### [Data excerpt]

# # # #

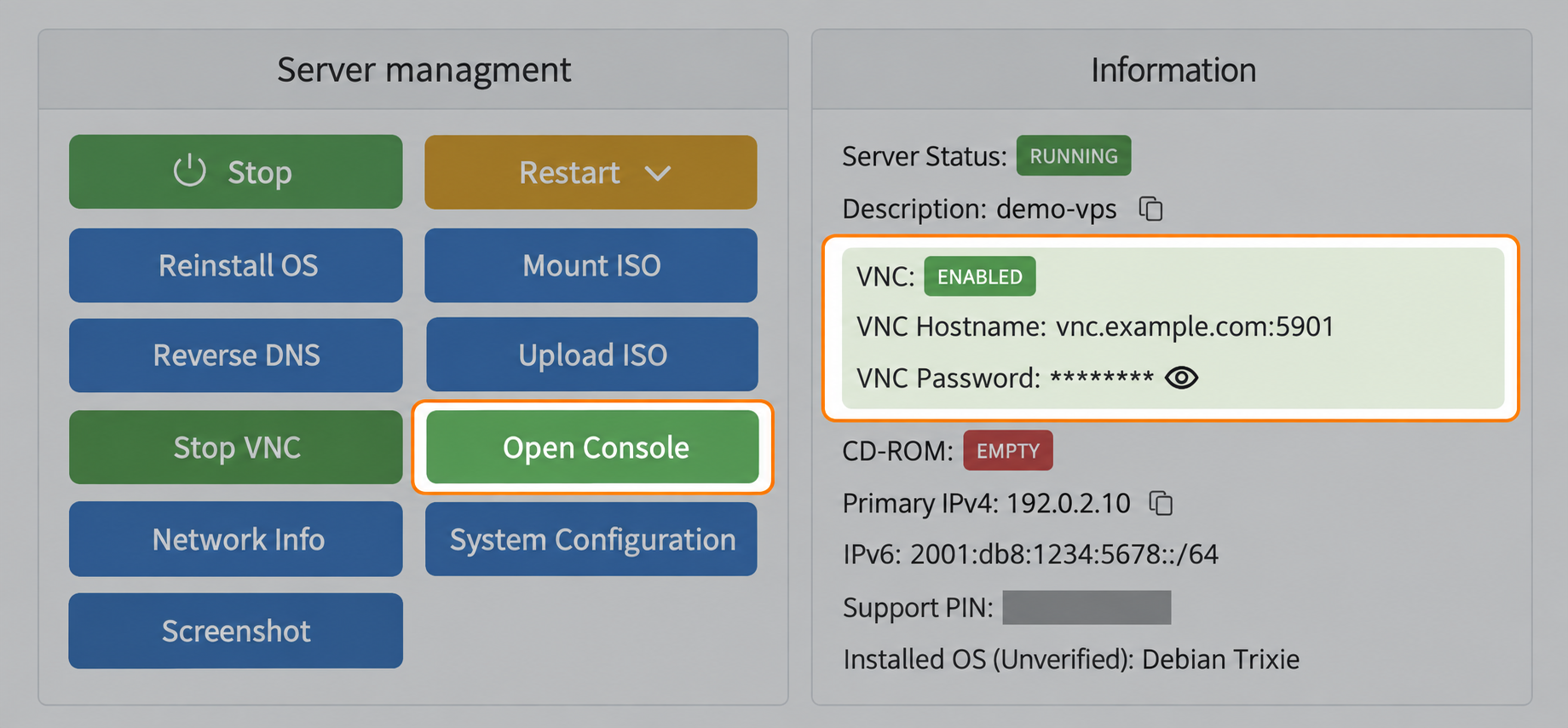 Server management and Information panels showing enabled VNC and the Open Console button
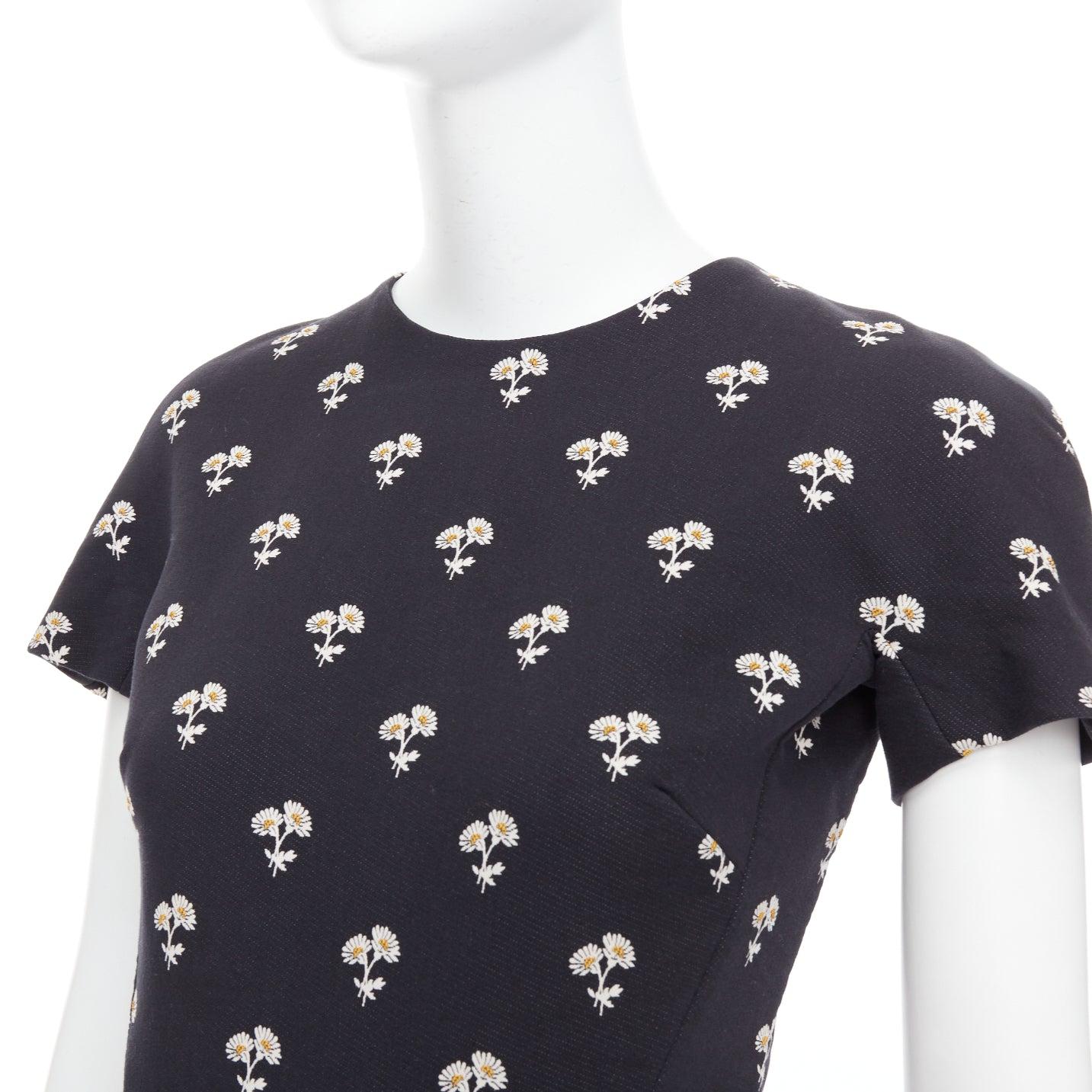 VICTORIA BECKHAM black white daisy floral cotton sheath dress UK10 M 2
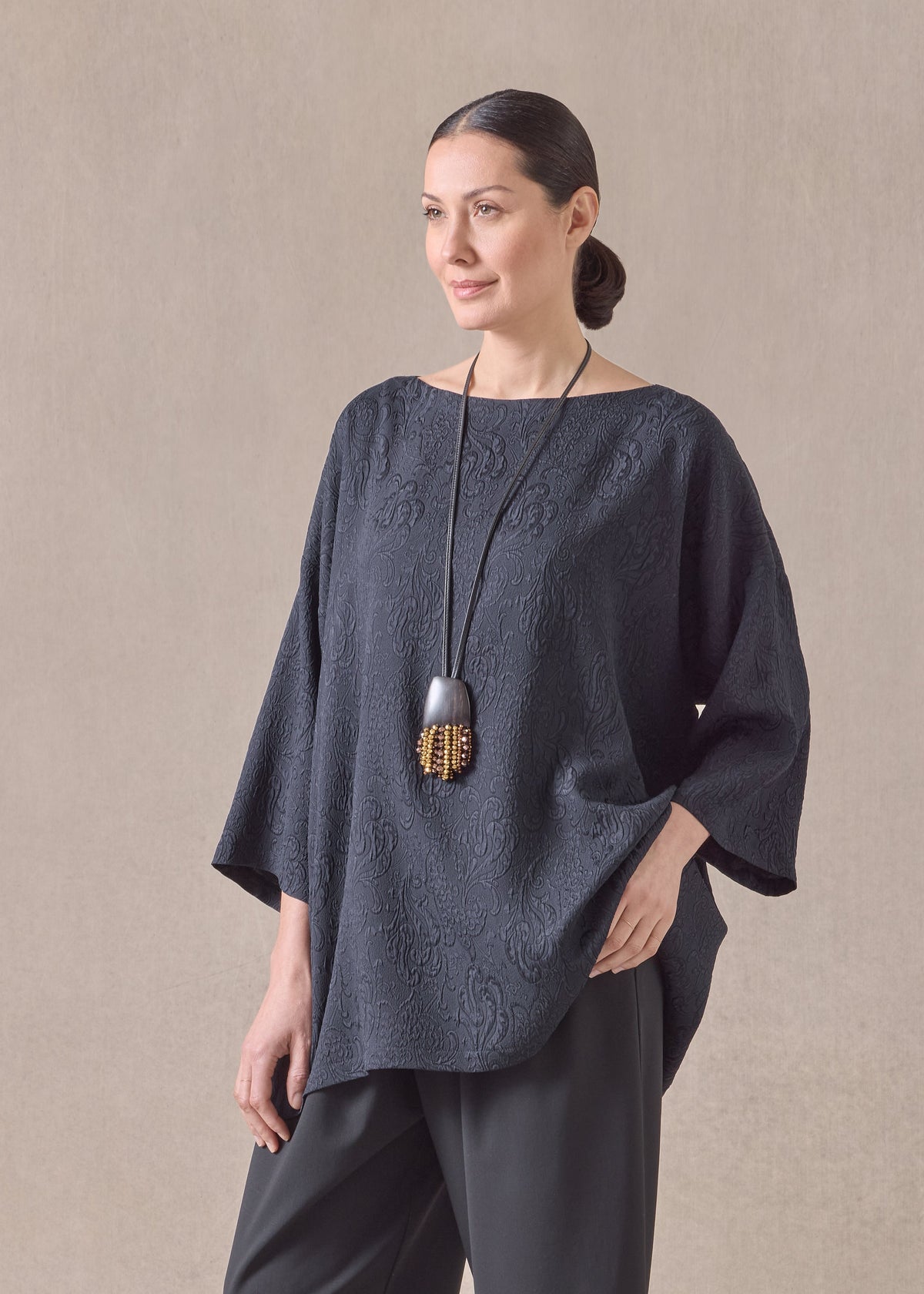 silk wide a-line scoop neck tunic - long (navydark)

# # # #

### [Exercise details]
The lines above should be transcribed exactly, with every image removed.

### [Written response]
 Server management and Information panels showing enabled VNC and the Open Console button
 VICTORIA BECKHAM black white daisy floral cotton sheath dress UK10 M 2
 silk wide a-line scoop neck tunic - long (navydark)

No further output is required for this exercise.